● **EXERCISE**
Your output should be the entries below, from the first line up to and including the line with "פארגה Ηotel Della מראה חיצוני תמונה", reproduced exactly and with no other lines.

● **TASK MATERIAL**
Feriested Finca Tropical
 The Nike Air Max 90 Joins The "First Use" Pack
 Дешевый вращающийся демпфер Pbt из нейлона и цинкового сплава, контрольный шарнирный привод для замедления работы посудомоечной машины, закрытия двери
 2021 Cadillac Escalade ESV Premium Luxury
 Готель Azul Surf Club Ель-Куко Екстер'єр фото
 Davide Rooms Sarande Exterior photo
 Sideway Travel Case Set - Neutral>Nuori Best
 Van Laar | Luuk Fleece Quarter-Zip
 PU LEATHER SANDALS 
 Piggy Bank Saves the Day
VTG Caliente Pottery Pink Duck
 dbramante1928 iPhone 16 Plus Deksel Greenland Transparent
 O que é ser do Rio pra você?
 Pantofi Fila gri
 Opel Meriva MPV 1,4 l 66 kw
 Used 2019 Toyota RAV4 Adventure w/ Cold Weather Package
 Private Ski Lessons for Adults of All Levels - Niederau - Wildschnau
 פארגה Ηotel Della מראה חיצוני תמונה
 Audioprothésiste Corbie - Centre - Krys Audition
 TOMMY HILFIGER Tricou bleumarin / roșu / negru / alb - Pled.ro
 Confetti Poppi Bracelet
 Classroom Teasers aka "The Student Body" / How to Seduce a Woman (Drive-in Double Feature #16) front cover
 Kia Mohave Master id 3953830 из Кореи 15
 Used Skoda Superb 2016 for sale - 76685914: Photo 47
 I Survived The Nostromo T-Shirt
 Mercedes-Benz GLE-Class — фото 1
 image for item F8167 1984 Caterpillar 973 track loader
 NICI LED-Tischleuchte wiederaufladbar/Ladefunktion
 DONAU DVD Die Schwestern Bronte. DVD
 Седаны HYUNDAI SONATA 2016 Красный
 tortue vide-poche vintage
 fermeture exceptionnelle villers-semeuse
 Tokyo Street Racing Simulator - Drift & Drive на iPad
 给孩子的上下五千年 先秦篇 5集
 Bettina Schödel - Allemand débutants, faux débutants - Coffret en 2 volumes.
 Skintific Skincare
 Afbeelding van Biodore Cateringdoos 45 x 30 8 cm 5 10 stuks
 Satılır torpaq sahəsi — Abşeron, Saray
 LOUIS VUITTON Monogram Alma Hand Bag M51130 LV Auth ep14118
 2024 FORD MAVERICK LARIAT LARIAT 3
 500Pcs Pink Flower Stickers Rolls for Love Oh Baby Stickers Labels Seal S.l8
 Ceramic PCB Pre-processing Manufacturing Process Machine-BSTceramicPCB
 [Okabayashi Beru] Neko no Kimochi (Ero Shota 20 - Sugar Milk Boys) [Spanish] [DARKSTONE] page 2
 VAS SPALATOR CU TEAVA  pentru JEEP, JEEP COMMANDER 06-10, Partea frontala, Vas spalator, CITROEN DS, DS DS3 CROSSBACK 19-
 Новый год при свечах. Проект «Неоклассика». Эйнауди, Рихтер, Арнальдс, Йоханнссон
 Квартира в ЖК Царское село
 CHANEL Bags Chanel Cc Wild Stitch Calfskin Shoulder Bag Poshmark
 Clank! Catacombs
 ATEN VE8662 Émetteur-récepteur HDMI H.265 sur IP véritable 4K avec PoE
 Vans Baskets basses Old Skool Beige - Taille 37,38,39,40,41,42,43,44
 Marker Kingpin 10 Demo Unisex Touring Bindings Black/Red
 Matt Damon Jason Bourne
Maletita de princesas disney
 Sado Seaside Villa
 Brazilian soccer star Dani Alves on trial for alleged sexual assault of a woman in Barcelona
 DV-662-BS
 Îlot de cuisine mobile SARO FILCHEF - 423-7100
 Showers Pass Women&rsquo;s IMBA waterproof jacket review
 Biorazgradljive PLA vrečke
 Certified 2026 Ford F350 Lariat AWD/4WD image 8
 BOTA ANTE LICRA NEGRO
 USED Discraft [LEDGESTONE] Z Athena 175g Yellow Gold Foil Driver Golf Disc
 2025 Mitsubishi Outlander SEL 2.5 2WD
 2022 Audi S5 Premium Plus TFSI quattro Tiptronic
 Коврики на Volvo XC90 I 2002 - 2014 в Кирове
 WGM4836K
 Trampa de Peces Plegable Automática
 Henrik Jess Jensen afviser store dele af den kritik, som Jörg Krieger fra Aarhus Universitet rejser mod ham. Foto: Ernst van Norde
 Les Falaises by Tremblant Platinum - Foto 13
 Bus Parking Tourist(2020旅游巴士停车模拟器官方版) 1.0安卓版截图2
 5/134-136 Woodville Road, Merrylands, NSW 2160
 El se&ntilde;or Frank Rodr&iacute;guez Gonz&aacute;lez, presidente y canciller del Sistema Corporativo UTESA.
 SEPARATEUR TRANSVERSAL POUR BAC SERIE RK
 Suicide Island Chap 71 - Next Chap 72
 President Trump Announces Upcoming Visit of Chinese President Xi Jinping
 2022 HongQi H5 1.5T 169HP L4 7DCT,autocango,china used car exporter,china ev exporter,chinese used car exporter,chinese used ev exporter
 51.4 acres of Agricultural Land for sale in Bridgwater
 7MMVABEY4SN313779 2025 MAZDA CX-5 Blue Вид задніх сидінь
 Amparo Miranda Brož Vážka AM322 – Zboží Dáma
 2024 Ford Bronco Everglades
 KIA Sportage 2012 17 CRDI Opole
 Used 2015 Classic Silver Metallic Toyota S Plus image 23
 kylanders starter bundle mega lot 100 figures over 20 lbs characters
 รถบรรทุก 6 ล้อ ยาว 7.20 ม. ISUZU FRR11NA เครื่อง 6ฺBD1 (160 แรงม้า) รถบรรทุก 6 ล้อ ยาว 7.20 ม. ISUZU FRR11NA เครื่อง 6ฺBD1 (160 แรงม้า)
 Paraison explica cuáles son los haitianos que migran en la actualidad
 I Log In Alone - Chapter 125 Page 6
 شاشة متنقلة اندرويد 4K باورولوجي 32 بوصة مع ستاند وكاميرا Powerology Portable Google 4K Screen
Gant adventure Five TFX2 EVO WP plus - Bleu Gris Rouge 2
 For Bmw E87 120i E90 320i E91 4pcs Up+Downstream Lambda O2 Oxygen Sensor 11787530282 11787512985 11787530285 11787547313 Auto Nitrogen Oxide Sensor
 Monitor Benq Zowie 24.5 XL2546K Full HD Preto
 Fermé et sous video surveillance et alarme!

● **OUTPUT FOR THIS TASK**
Feriested Finca Tropical
 The Nike Air Max 90 Joins The "First Use" Pack
 Дешевый вращающийся демпфер Pbt из нейлона и цинкового сплава, контрольный шарнирный привод для замедления работы посудомоечной машины, закрытия двери
 2021 Cadillac Escalade ESV Premium Luxury
 Готель Azul Surf Club Ель-Куко Екстер'єр фото
 Davide Rooms Sarande Exterior photo
 Sideway Travel Case Set - Neutral>Nuori Best
 Van Laar | Luuk Fleece Quarter-Zip
 PU LEATHER SANDALS 
 Piggy Bank Saves the Day
VTG Caliente Pottery Pink Duck
 dbramante1928 iPhone 16 Plus Deksel Greenland Transparent
 O que é ser do Rio pra você?
 Pantofi Fila gri
 Opel Meriva MPV 1,4 l 66 kw
 Used 2019 Toyota RAV4 Adventure w/ Cold Weather Package
 Private Ski Lessons for Adults of All Levels - Niederau - Wildschnau
 פארגה Ηotel Della מראה חיצוני תמונה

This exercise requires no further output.